== INPUT DATA ==

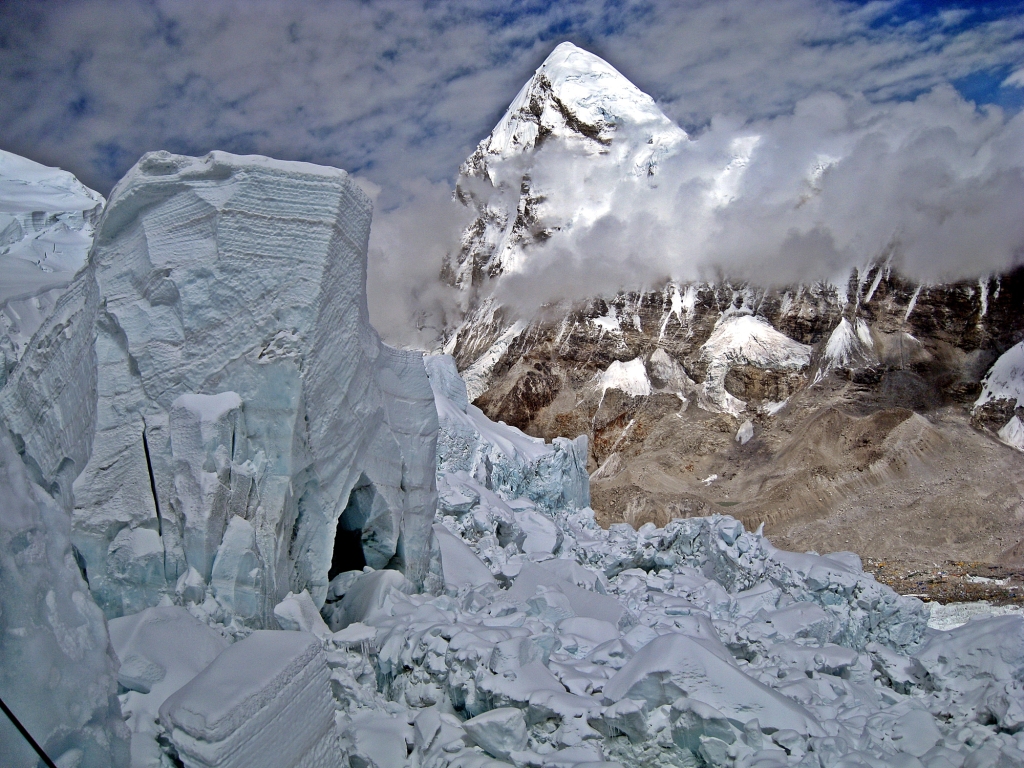 Khumbu Icefall, Everest
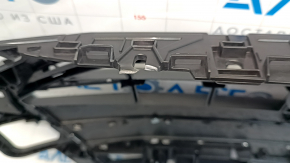 Решетка радиатора grill голая Audi A4 B9 20-25 без эмблемы, сломано крепление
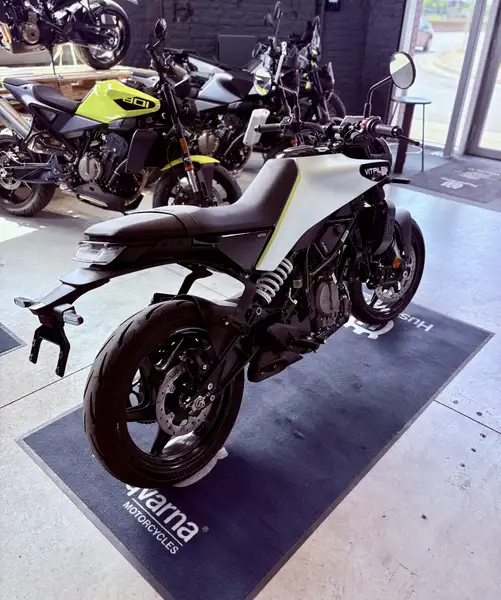 Husqvarna Vitpilen - foto 3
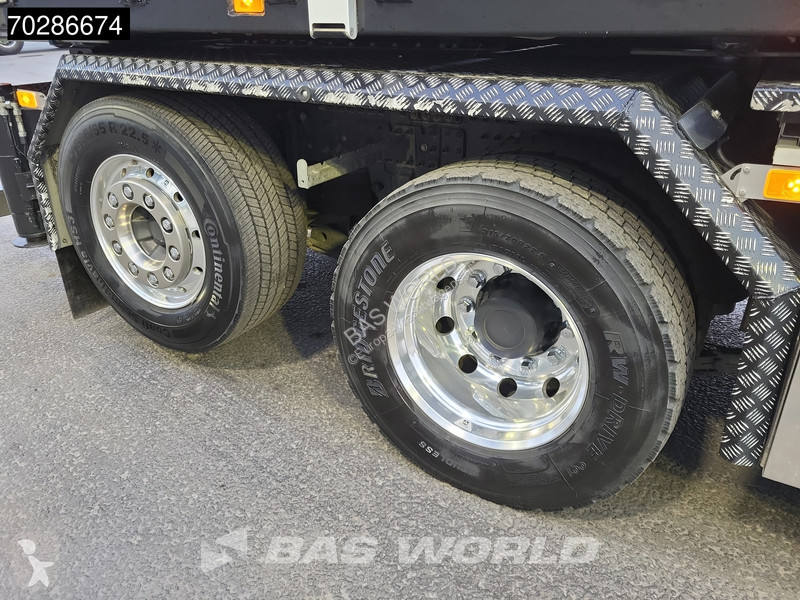 Vrachtwagen Volvo 650 8X2 HMF 7020K-RCS Crane +...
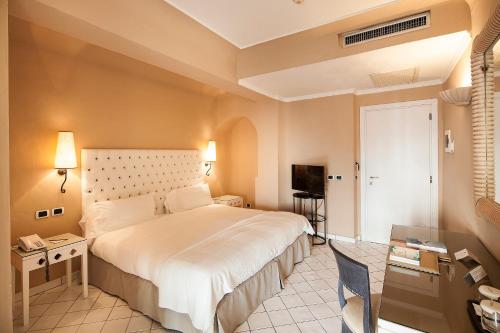 Therasia Resort Sea and SPA - image 12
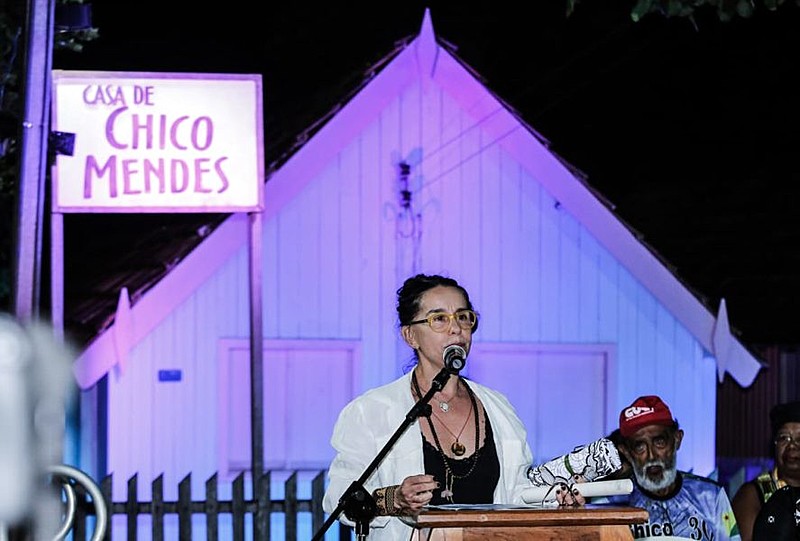 A atriz Lucélia Santos leu uma carta de agradecimento do ex-presidente Lula, que que recebeu o Premio Chico Mendes
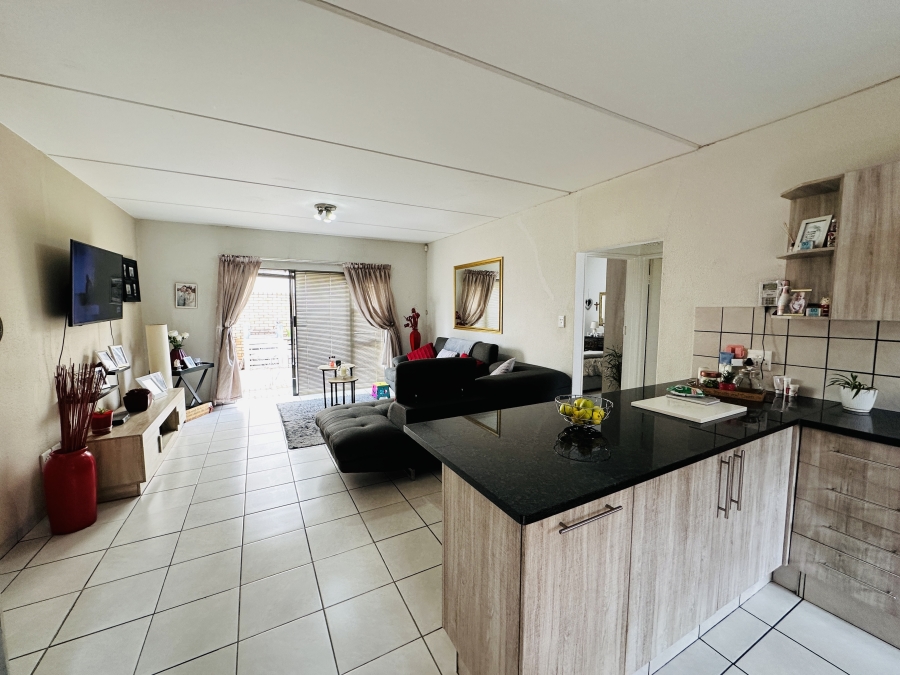 2 Bedroom Property for Sale in Albemarle Gauteng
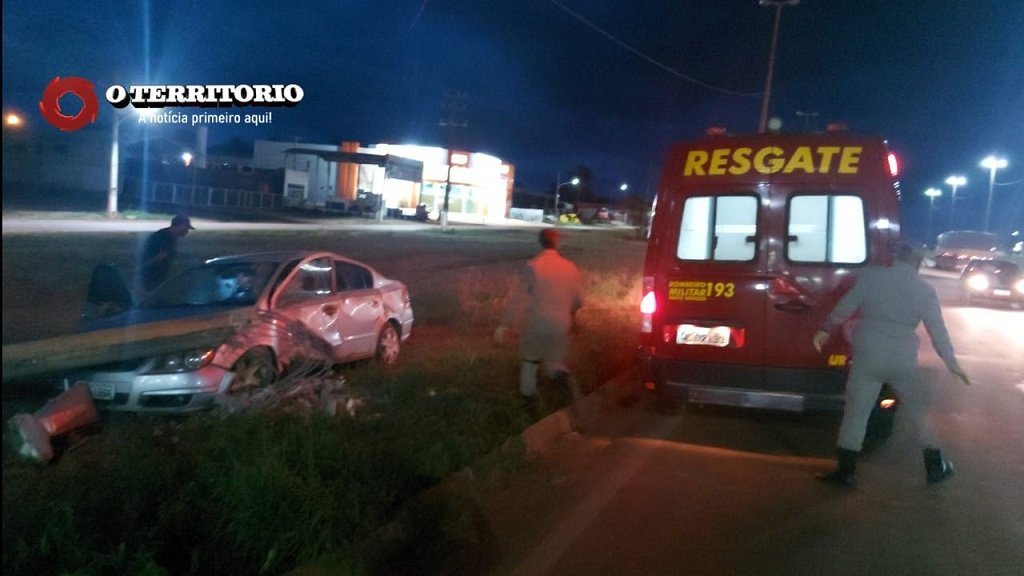 Motorista perde o controle e bate violentamente em poste na BR-163 em Guarantã do Norte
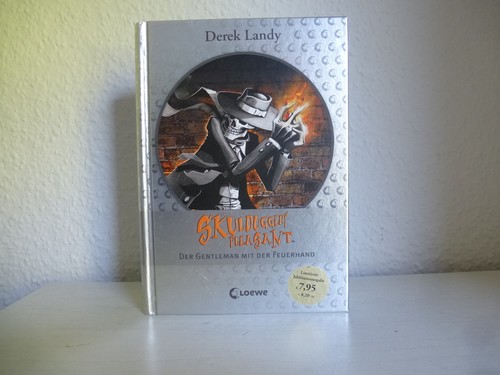 Skulduggery pleasant der - pleasant,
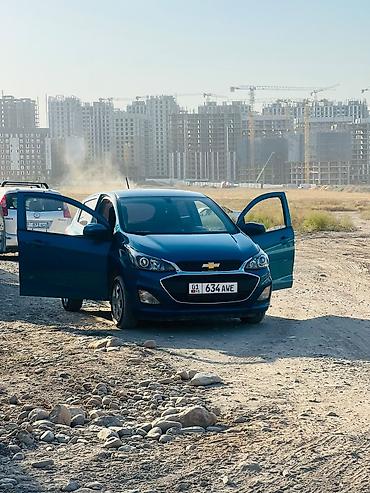 хетчбэк: Chevrolet Spark: 2019 г., 1 л, Автомат, Бензин, Хэтчбэк — 2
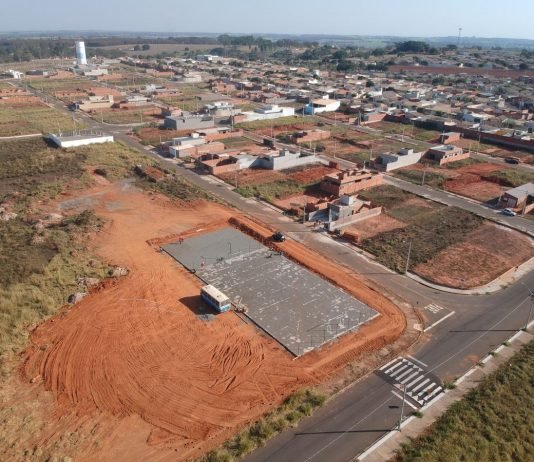 Bairro Girassol ganha ’Areninha’ para prática de esportes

===

TASK GOAL: Repeat nothing but the lines from the one containing "Skulduggery pleasant der" through the end of the entries, exactly, and skip the pictures.

EXERCISE RESULT:
 Skulduggery pleasant der - pleasant,
 хетчбэк: Chevrolet Spark: 2019 г., 1 л, Автомат, Бензин, Хэтчбэк — 2
 Bairro Girassol ganha ’Areninha’ para prática de esportes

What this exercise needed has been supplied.